Amongst the diverse on-going negotiations on Afghanistan, the one led by the US Special Representative for Afghanistan Reconciliation, Zalmay Khalilzad, has been making the most noise. Reflecting both the urgency and the desperation with which the United States, if not the entire coalition, wants its ‘boys back home‘, the intensity and extensity of talks that are being conducted are telling in their own ways.
Firstly, while geared towards (re) establishing peace in Afghanistan, it is unlikely that these negotiations will in turn provide any lasting solution. At best, they might deliver what could be considered a conducive environment for further negotiations, which could possibly and eventually lead to peace. Simply put, they are more about negotiating a negotiation, than about negotiating peace. Nevertheless, their catalysing potential, if any, should not be discounted.
A second aspect relates to the haste with which these negotiations are being pushed forward, a factor that is not expected to have an enabling impact on the peace process. Khalilzad may have realised that his latest watch does not give him an advantage over time – something that the Taliban has credibly demonstrated by waiting the Americans out – but the rush to conclude a peace deal before the slated Presidential elections of 2019 is ill conceived.

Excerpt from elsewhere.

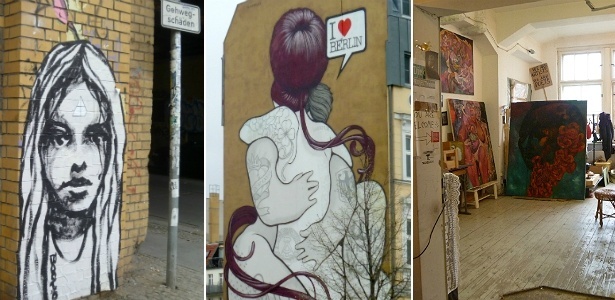 Grafites e a ocupação Tacheles, pontos visitados em tour alternativo pela capital alemã - Montagem / Regiane Teixeira/UOL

In fact, Afghan President Ashraf Ghani criticised this haste as reflecting a “false sense of urgency”, which will not result in “enduring and inclusive peace.” This ‘six-month challenge’ has been described as “too short” a timeframe even by the Taliban.
Thirdly, in this rush to declare Afghanistan’s conflicts solved/settled, the American eagerness betrays the one actor whose role in this process is critical, the Government of Afghanistan. For all intents and purposes, Kabul has been reduced to the status of a crowd in a cricket stadium – not part of the game but occasionally cheering or jeering.
On the other hand, the Taliban has been enormously emboldened, even as it controls or contests more than 40 per cent of Afghanistan’s territory. In the light of these developments, the American efforts to talk to the Taliban, apparently at any cost, cannot, in the long run, result in a peace deal that will be either sustainable or beneficial for most of the stakeholders.
India’s presence in Afghanistan has faced international and regional opposition from the beginning, and the current circumstances do not alter the broad environment of New Delhi’s engagement with Kabul.
India’s role in Afghanistan has long been dismissed as secondary, and none other than US President Donald Trump has now ridiculed the country’s contributions. In a televised statement on January 3, 2019, Trump mocked India’s development assistance as “equivalent of what the US spends in five hours”. While both Indians and Afghans rebutted the American jibe, it appears that India’s decision to stick to its consistent and sagacious no-boots-on-the-ground policy has ruffled a lot of feathers in Washington.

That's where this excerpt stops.